Bergey worked with companies including Grumman Aviation and North American Aircraft in California before he joined Piper Aircraft in 1957. There he oversaw both development and certification of the Cherokee, which became one of the best-selling general aviation aircraft. He subsequently served as v-p of engineering for Aero Commander, where he spearheaded development of the Aero Commander 114.
He joined the staff of the University of Oklahoma School of Aeronautical, Mechanical, and Nuclear Engineering in 1970, teaching and mentoring students for the next 40 years. He also became involved in the wind power market, founding Bergey Windpower with his son Michael.
Bergey has received a Lifetime Achievement Award from the American Institute of Aeronautics and Astronautics (AIAA) and an Outstanding Engineering Alumnus award from Penn State.

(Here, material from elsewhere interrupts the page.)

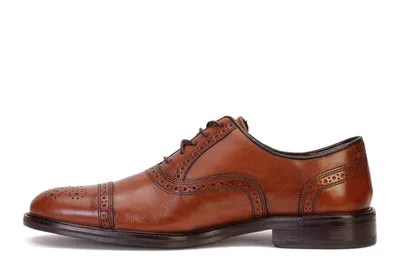 Daley Cap Toe Shoes - Tan carefree step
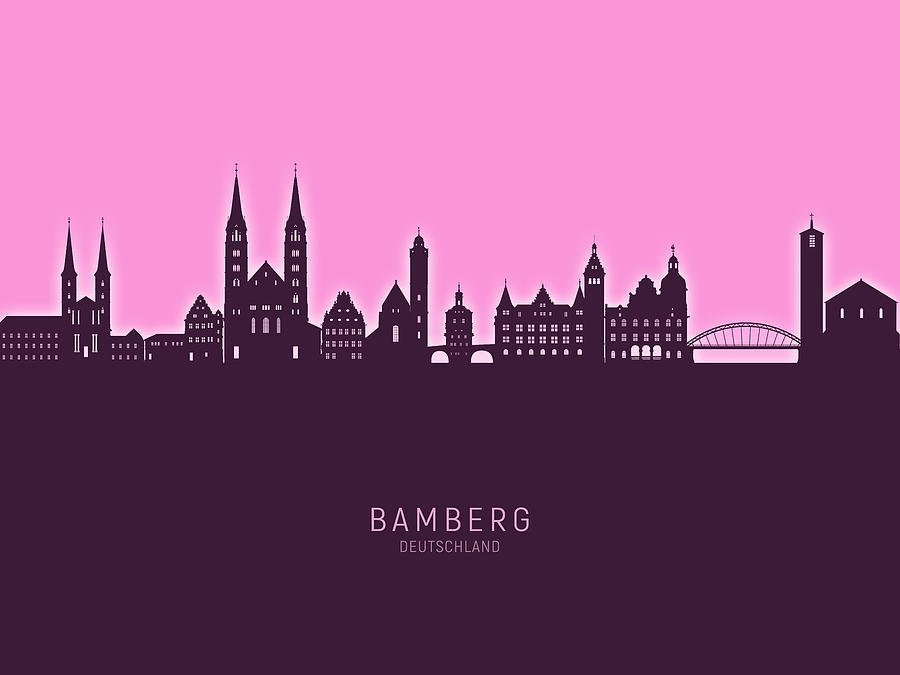 Bamberg Germany Skyline #06 Digital Art by Michael Tompsett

Roger Béteille, a founding father of Airbus, died June 14 at the age of 97. Béteille is credited with shaping not only the first Airbus commercial aircraft, the A300B, but also Airbus Industrie. Born in Aveyron, France, in 1921, Béteille studied at Supaéro in Toulouse. He then joined SNCASE, which later became Sud Aviation, in 1943. A pilot and flight test engineer, he was part of the flight test team on the Caravelle’s first flight. By 1967 Béteille had become chief engineer for the A300 program at Sud Aviation. When it became known that Air France and Lufthansa wanted a smaller product, he began working on the 250-seat A300B in secret. His fuselage cross-section design for that aircraft is still in use today on the A330.
Béteille has been credited with numerous innovations that culminated with the launch of the A320, a single-aisle aircraft that featured a wider fuselage and fly-by-wire flight controls, in 1984. He retired from Airbus Industrie as president in 1984.